▼
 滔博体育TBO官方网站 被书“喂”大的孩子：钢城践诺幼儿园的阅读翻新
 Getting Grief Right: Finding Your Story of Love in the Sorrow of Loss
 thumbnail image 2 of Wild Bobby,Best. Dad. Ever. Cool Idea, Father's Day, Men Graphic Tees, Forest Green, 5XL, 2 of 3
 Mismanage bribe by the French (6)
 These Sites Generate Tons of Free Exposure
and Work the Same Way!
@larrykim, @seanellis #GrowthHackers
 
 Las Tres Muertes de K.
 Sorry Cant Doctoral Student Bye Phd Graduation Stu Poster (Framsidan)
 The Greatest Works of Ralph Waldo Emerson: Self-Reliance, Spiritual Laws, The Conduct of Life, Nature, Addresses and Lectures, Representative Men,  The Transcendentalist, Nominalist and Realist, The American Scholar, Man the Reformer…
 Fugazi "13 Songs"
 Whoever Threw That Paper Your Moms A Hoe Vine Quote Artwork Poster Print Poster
▲
# Required action
Set down exactly the lines from the one that contains "The Greatest Works" to the final line above, both included, and nothing more.

# Task response
 The Greatest Works of Ralph Waldo Emerson: Self-Reliance, Spiritual Laws, The Conduct of Life, Nature, Addresses and Lectures, Representative Men,  The Transcendentalist, Nominalist and Realist, The American Scholar, Man the Reformer…
 Fugazi "13 Songs"
 Whoever Threw That Paper Your Moms A Hoe Vine Quote Artwork Poster Print Poster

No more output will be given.